Master of the High Court defends breaking windows in Four Courts courtroom

Master of the High Court defends breaking windows in Four Courts courtroom

The Master of the High Court has defended breaking windows in a courtroom in the Four Courts, believing that he was 'justified' in taking the action to solve a long-standing complaint regarding poor ventilation.

Edmund Honohan said that he broke the windows with a hammer to eliminate a 'fug' in the room. Speaking on RTÉ's Today with Sean O'Rourke, he said he brought a hammer from home to break the windows of his courtroom.

When asked if he would do so again, Mr Honohan replied 'of course'.

The story came to light over the weekend in an article in the Sunday Times. It emerged that Mr Honohan had broken three small internal window panes which were part of an internal wall.

He had been admonished by the Courts Service in a letter warning him not to damage court property again.

Mr Honohan said that he had broken the panes because no action had been taken in response to concerns about stuffiness in the room. The broken panels have since been replaced and Mr Honohan said that he was pleased with the outcome as they could now be opened manually. Previously, the latches had been painted over.

Mr Honohan said that he had been complaining about the ventilation in his courtroom for years but that nothing had been done about it.

Edmund Honohan
Edmund Honohan

He said that the stale air was a problem as it caused an unpleasant environment in which to hold hearings.

The master of the High Court is a quasi-judicial role. He is not a judge but holds hearings on judicial matters. A Cabinet appointee, he is accountable to the Government.

"I have a statutory obligation to ensure that hearings in my courtroom are fair," he said.

"When I finish my list for the day at 4 o'clock, my room is sealed. All the stale air of the day is sealed in that room until the following day when I come at half ten with all the coughs and sneezes from everybody.

We have lay litigants and we have practitioners there in the dank atmosphere - the fug as I call it.

I opened a vent at the back of the room to create a through-flow of air, an extraction of the air, and I believe that was justified.

Mr Honohan said that he has been complaining about the issue for 'at least ten years' and that it is at its worst during the cold months when central heating is on and the windows are closed.

"It is not a healthy environment for anyone to work with," he added.

To resolve the ventilation issue, Mr Honohan brought a small hammer from home and smashed the panel. He said he wouldn't sit in the courtroom again if the issue had not been resolved.
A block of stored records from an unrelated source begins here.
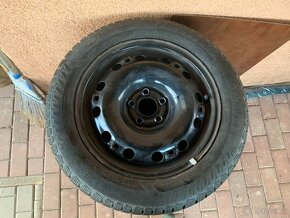 zimné pneumatiky 195/55 R 15 s diskami Škoda Rapid - 3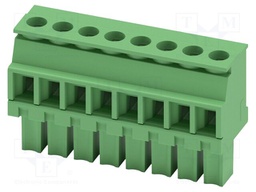 PCB connector, nominal cross section: 1.5 mm?, color: green,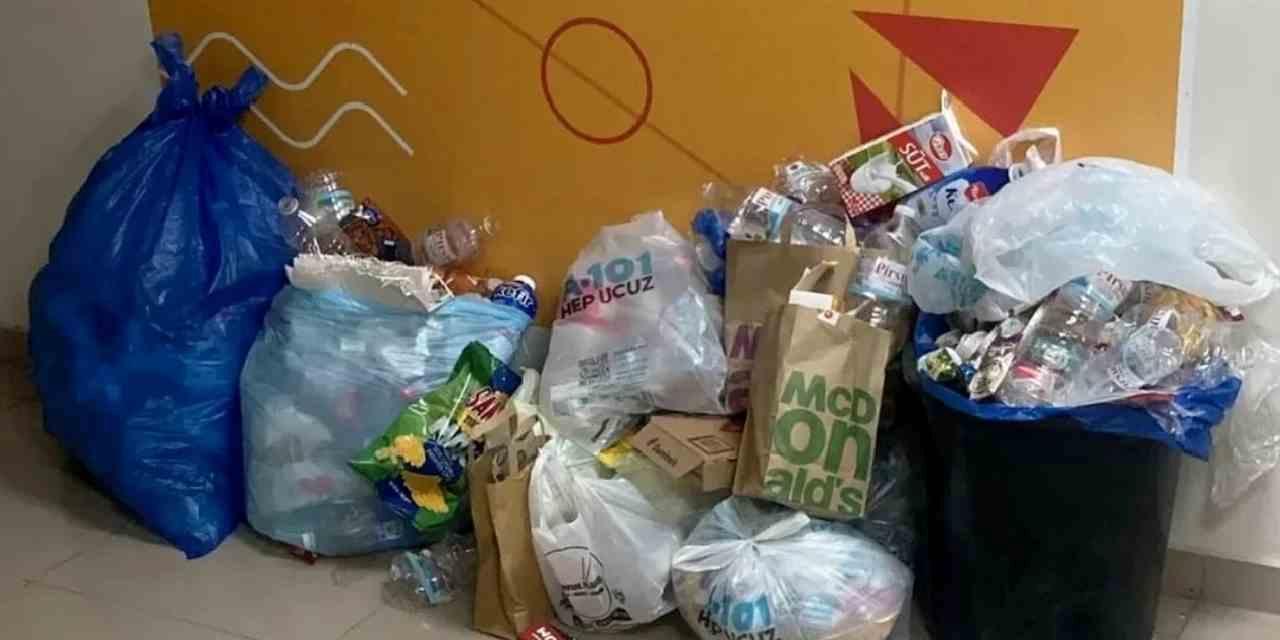 KYK Yurtlarında Çöp Krizi: Öğrencilerden Tepkiler Yükseliyor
"I left a message on it saying 'do not re-glaze' but that, of course, that was ignored," he said.

The issue has now been resolved as the windows that open into the corridor have now been unsealed.

Mr Honohan described it as 'a vast improvement', though he noted that just one of the six windows opening onto the street outside is currently working.

He said he has not looked at his post but said there may be a letter from the Court Services warning him against damaging property in the Four Courts.

"My job is not to deal with correspondence," he added.